Roy Fielding, an influential computer programmer who helped found Apache, has taken it upon himself to create a "patch" that prevents publishers from ever seeing the do-not-track settings in Internet Explorer 10.
Fielding says he did so because he disapproves of Microsoft's decision to enable do-not-track by default for IE10. "Apache does not tolerate deliberate abuse of open standards," Fielding says in a post about the patch.
But many observers argue that Microsoft's latest version of IE10 complies with standards of the World Wide Web Consortium -- a broad-based group that is working to set guidelines for do-not-track.
Microsoft said in May that IE10 would ship with do-not-track set to "on" by default. The company later backtracked and said that Windows 8 will offer users two choices at installation: "express settings" or customized. Only the express settings will include do-not-track by default.
The W3C has said that users should give "explicit and informed consent" to do-not-track; some members of W3C have said that the Windows 8 installation process meets that standard, though others disagree.
Regardless of whether people approve of Microsoft's settings, this much is clear: The do-not-track header doesn't in itself change whether users are tracked. All the setting does is send a signal to publishers and ad networks. It's those companies who interpret the signal and decide whether to ignore it or honor the request.

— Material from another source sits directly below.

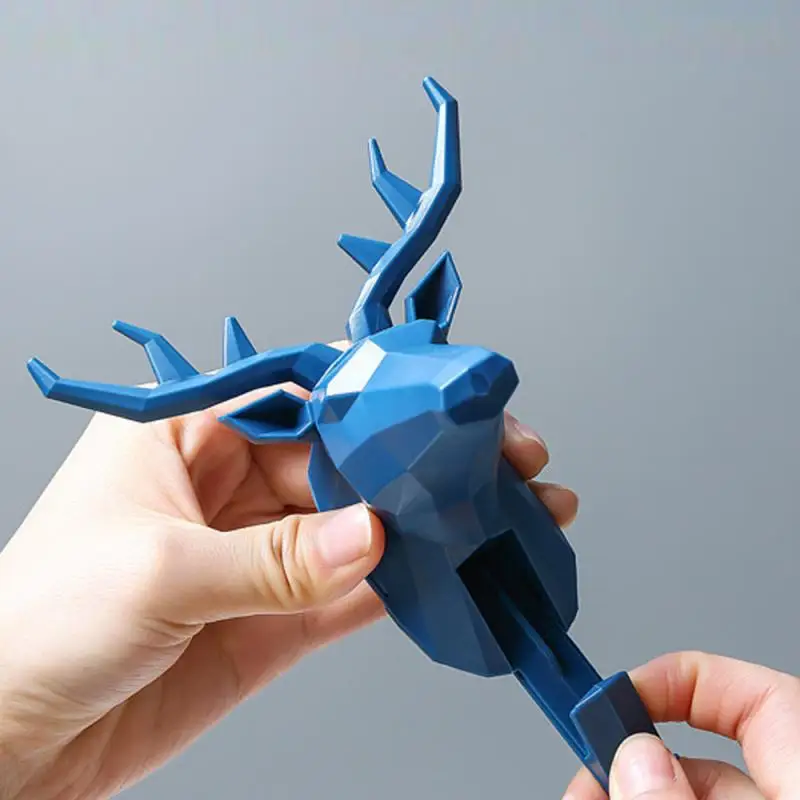 Стена для того чтобы повесить трубку креативный декоративный 3D наклейка на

Fielding's patch for Apache -- the open source software used by around 60% of Web publishers -- takes away that choice from companies by stripping out the header at the server level.
At the same time, publishers who dislike Fielding's patch can themselves override it. Some might have good reason to. For instance, if they say in their privacy policies that they honor do-not-track headers, they might have to change Apache's settings in order to comply with their own privacy policies.
Meantime, one critic of the patch, privacy advocate and Stanford grad student Jonathan Mayer, has reported it as a "bug" -- which means that there's a chance it will be reversed in the next version of Apache. The company ships new versions regularly. "I would wager this is not going to stay in Apache," he tells MediaPost.